Julia : « En février 2018, notre deuxième fille est née. Bastien venait de temps en temps s’occuper de notre aînée, l’amenait et la ramenait de l’école, mais à ce moment-là, il estimait ne pas avoir un appart assez grand pour la prendre à dormir. A bout de quelques mois, lui et sa copine ont trouvé la solution de la faire dormir chez ses parents à elle. J’aurais plutôt choisi de mettre un matelas par terre dans le salon que de lui imposer encore un dépaysement et des personnes nouvelles, mais ce n’était pas mon choix. »

« On a commencé avec une garde alternée pour l’aînée à la rentrée 2018, au moment où son père a récupéré ses affaires et déménagé complètement.
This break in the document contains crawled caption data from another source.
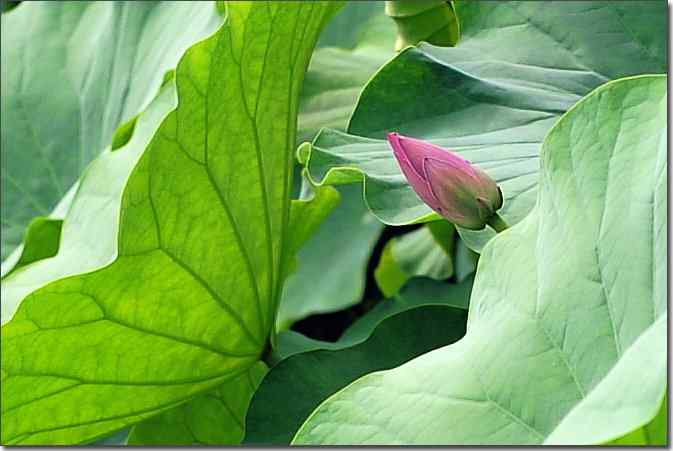 游北宫国家森林公园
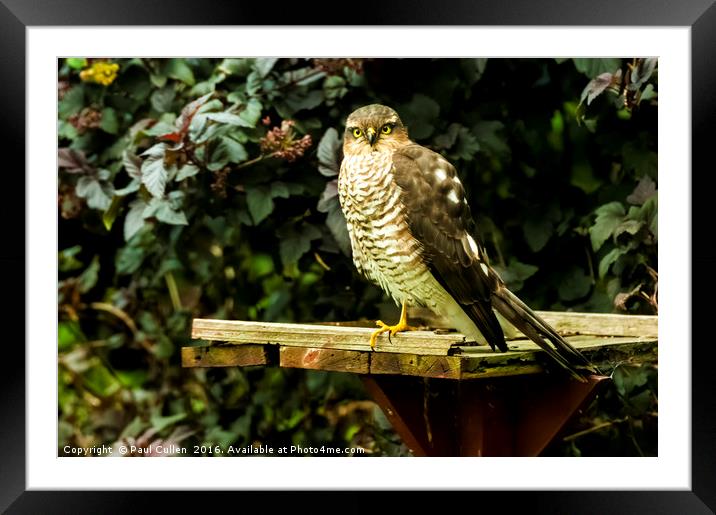 Sparrow Hawk Framed Mounted Print by Paul Cullen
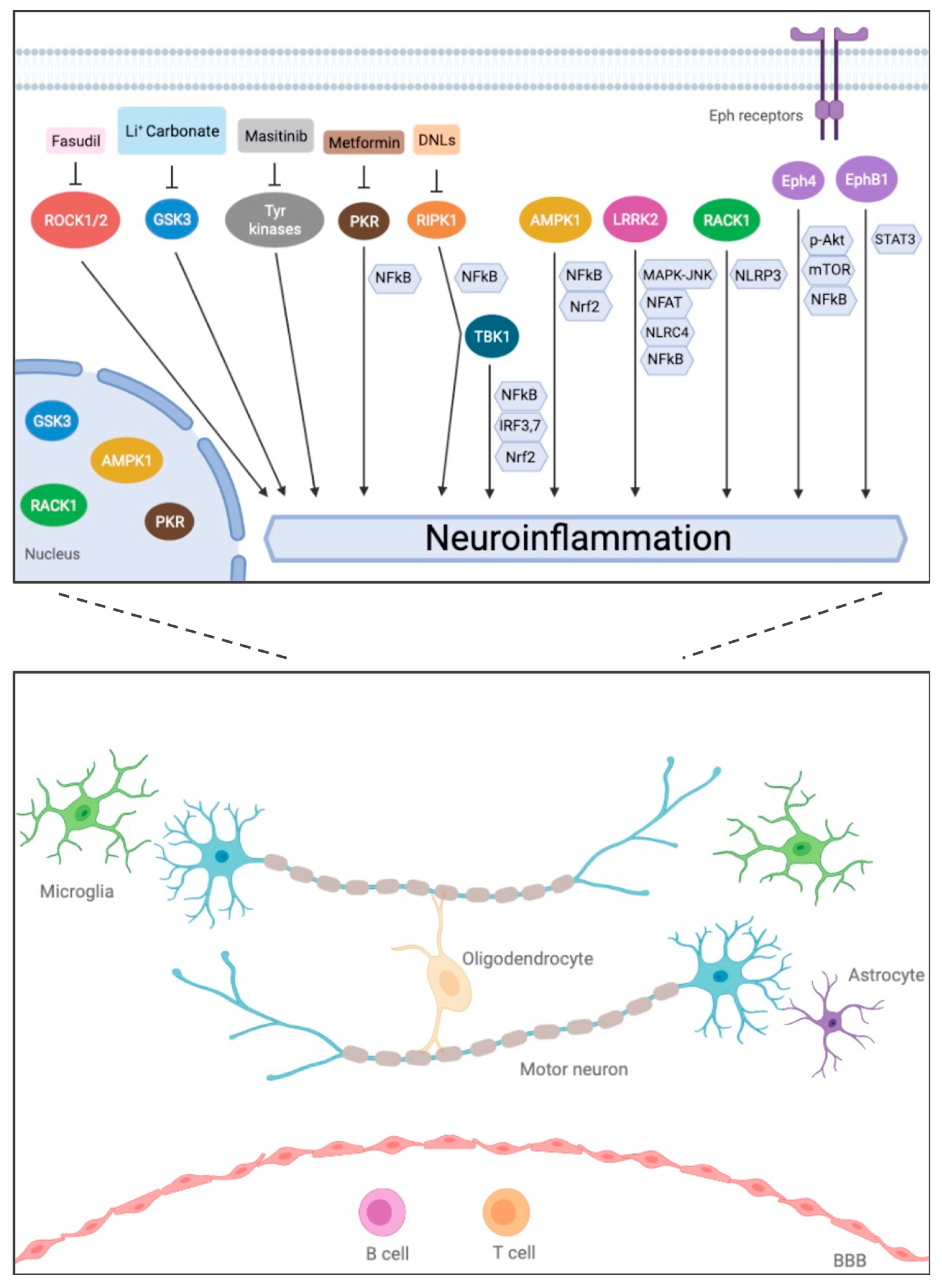 Ijms 22 13280 g001 Ijms 22 13280 g001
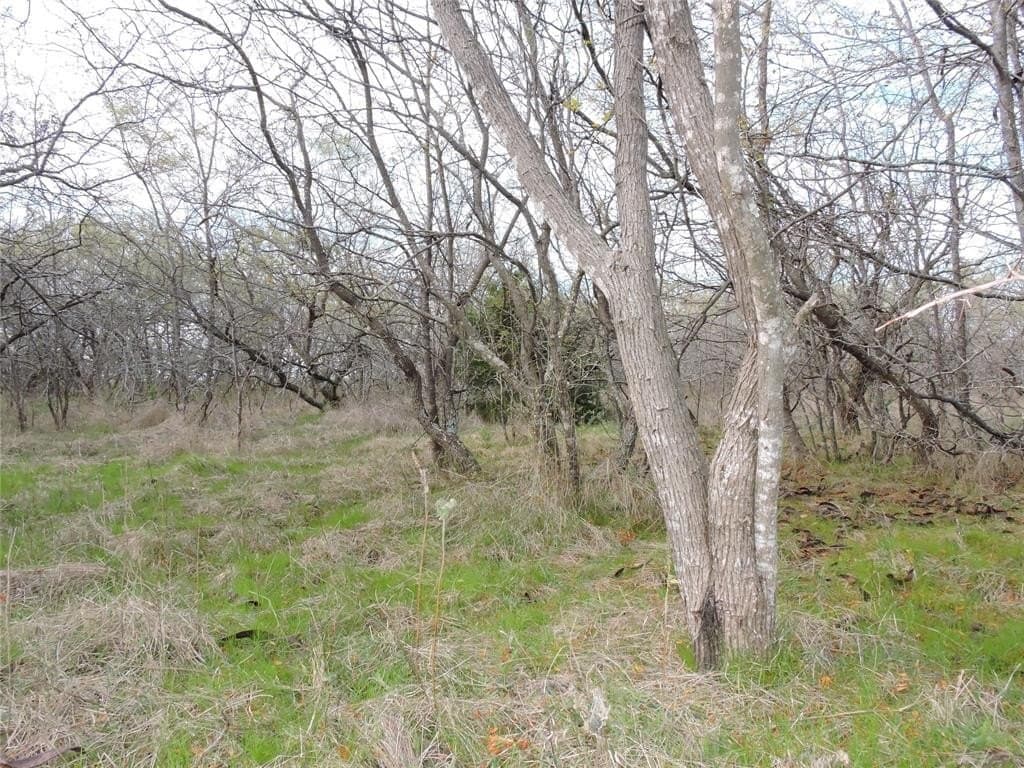 98.56 acres in Kaufman County gallery image 3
Un mois après, on a mis en place une garde alternée très progressive pour le bébé, qui avait sept mois. Bastien voulait faire du 50-50 tout de suite, mais moi j’étais sceptique par rapport à cette solution avec un si petit bébé, que j’allaitais toujours. Finalement, on est à 50-50 (2 jours/2 jours/3 jours) depuis pâques 2019, maintenant qu’elle a 15 mois. »

« Avoir une colloc’, ça m’a sauvée »

Julia : « En parallèle, j’ai une amie, la marraine de ma fille aînée, qui est venue vivre en collocation avec moi. Elle vient de passer six mois ici, avant de partir six mois à l’étranger. Elle me laisse ses affaires pendant ce temps. C’était super d’avoir une colloc’, ça m’a un peu sauvée. Quand elle est partie, je me suis rendu compte à quel point le fait d’avoir les filles seule était lourd. C’est à ce moment-là que j’ai proposé à Bastien de passer à 50-50. Parce que ça se passe bien et parce que j’ai besoin d’avoir du repos. Notre bébé a l’air de le vivre très bien, même si elle ne peut pas verbaliser. Elle est super joyeuse et je ne vois pas de changement dans son comportement. Quand elle va mal, il y a toujours une raison, une dent ou autre chose. Avec l’aînée, c’est un peu plus compliqué : à chaque fois que je la récupère, elle me demande combien de nuits elle va rester. Si je réponds deux, elle me dit « oh non, trois… » Mais je n’ai pas l’impression que c’est une grande tristesse pour elle. »

« Ça ne fait que quelques semaines que je me retrouve vraiment seule et ça me fait un peu bizarre. Il faut que je m’organise des activités, des choses à faire… Avec Bastien, la relation est apaisée, on peut sans problème échanger des jours si l’un de nous reçoit une visite ou parler de la gestion de l’école. Ça devient un peu plus crispé quand ça touche à des sujets personnels ou au passé. En avril, notre aînée était en vacances avec son père pour son anniversaire. J’avais proposé à Bastien qu’on le fête tous ensemble ou, s’il ne voulait pas, que je l’emmène manger une glace. Il ne voulait ni l’un ni l’autre : il m’a dit que ça lui faisait trop mal de me voir. Ça fait un an et demi qu’il a une nouvelle compagne, on pourrait penser qu’il va mieux, mais j’ai l’impression que j’ai plus fait le deuil que lui. Je ne pense plus à nous, je suis même super contente de m’être séparée, je me redécouvre une vie ! Je n’ai plus des sentiments aussi plats qu’avant la séparation. J’ai des intérêts, des émotions, dans ma vie intime et dans ma vie professionnelle ! »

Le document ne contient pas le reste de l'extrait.